Kco and FEV1 decline are represented only by subjects with longitudinal lung function data available for ≥ 3 y.

Table Graphic Jump Location
Table 4 —Demographics and Other Clinical Indexes for Each of the Four Groups

Data given as mean (SEM), median (interquartile range) for nonparametric data, or as a proportion of the group, rounded up to the nearest whole number. HU = Hounsfield units; SGRQ = St. George’s Respiratory Questionnaire; VI = voxel index.

Group N patients were younger (on average) than those in groups F and B (P < .001), and the majority were nonindex cases. There was a minimal smoking history in group N, and this was less than that of patients in groups B and F (P < .001) and the United Kingdom in general.16 The mean BMI of group N was comparable to F, a third being obese (BMI > 30), as in the UK population (26% adults aged > 16 years17). Group N had the least quantified emphysema (P < .001) and prevalence of visible emphysema (17.6%) compared with the other groups, and a lower UZ910 VI than groups F and B (P ≤ .004).Group N also had a worse health status than a healthy population.18 It was, however, better than groups F and B (P < .001).

Group K:

These patients had low gas transfer (Table 3), and 50.0% were women (Table 4). The majority (62.5%) were index cases with minimal smoking history (like group N). The average BMI was 23.3 ± 1.21, with no patient defined as obese. The prevalence of visible emphysema (50.0%) and amount was comparable to group N, and the group also had a worse health status than a healthy population.18

Group F:

Group F had AO with gas transfer in the normal range, though lower than that of group N (P < .001) (Table 3). The mean residual volume (RV) to total lung capacity (TLC) ratio was within the normal range, but was above the normal range in 20.7% of patients in group F, indicating significant gas trapping. The average Po2 was just below the normal range and lower than that of group N (P < .001). All lung function in patients in group F was better than that of group B (P ≤ .001), one-half of the patients were women, and most (84.0%) were index cases (Table 4). Smoking history was greater than for group N (P < .001) but less than that of group B (P < .007); 21.3% of the patients in group F were obese (comparable to Group N).

Group F had more emphysema than group N (P < .001) but less than group B (P < .001). Health status was also worse than that of group N (P < .001), though better than that of group B (P = .003).

Group B:

Group B had the worst physiology and lower Po2 than groups N and K (P < .001), and respiratory failure was present in 9.6% of patients. Group B had the lowest proportion of female patients, comprised mainly index patients (Table 4), had the greatest smoking history (P ≤ .042 vs other groups), and had more underweight patients than group F (P = .009).

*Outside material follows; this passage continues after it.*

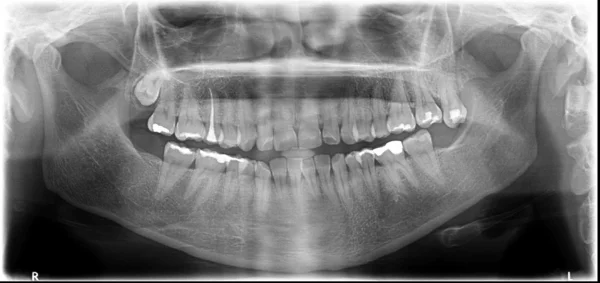 X-Ray of a mandible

Patients in group B had the highest visual evidence of emphysema (80.3%) and LZ910 VIs compared with all other groups (P ≤ .001 for both), a higher UZ910 VI than groups N and F (P < .001), and a worse total SGRQ score than groups N and F (P ≤ .003) but not group K (P = .055). Dyspnea score was also greater than for all other groups (P ≤ .001).

Longitudinal Change

There were 255 subjects with results of four or more complete PFTs over at least 3 years (mean, 5.37 ± 0.13 years). The average changes in FEV1 (mL/y) and Kco (mmol/min/kPa/L/y) are summarized in Table 3. There were no significant differences between the groups for FEV1 decline, although group F had a faster Kco decline than either groups B (P < .001) or N (P = .002). There was no relationship between age and decline in FEV1 or Kco. The average decline in lung function was greater than expected for age, indicated by a mean change of FEV1% predicted per year (−0.56 ± 0.25, −2.34 ± 0.58, −0.61 ± 0.17, and −0.89 ± 0.18 for groups N, K, F, and B, respectively) and Kco % predicted per year (−2.04 ± 0.34, −1.58 ± 0.69, −3.65 ± 0.26, and −1.85 ± 0.25 for groups N, K, F, and B, respectively. During the follow-up, 140 patients died, including six from group N, one from group K, 34 from group F, and 99 from group B (equivalent to 2.0%, 3.0%, 5.7%, and 8.6% of the respective groups per year).

Figure 4 summarizes movement between physiologic groups during follow-up. The majority of group N stayed in group N, but 30.0% of patients moved (four to group F, six to group K, and two to group B). The group with the largest movement was F, where 61.6% of patients moved to group B (n = 45).

Figure Jump LinkFigure 4. Bar chart showing, for each of the patient groups at baseline (horizontal axis), the percentage of subjects who were in each group at the end of the follow-up (mean, 3.87 ± 2.47 y). The number within the bars indicates the percentage of patients who remained in their baseline group.Grahic Jump Location

The 28 patients remaining in group F were compared with the 45 patients who moved to B (Table 5). There was no difference in baseline or follow-up demographics between the two groups, except that most of those who moved from group F to group B were men, and they had more upper-zone emphysema, lower baseline Kco, faster Kco decline, and more AO at baseline and follow-up than those who stayed in group F (Table 5). Female patients who moved from group F to group B had a lower baseline Kco than male patients (−1.29 ± 0.08 and −0.81 ± 0.09, respectively; P = .002), although subsequent decline was greater in male patients (mean [± SEM], −0.071 ± 0.006 and −0.051 ± 0.007 mmol/min/kPa/L/y, respectively; P = .047).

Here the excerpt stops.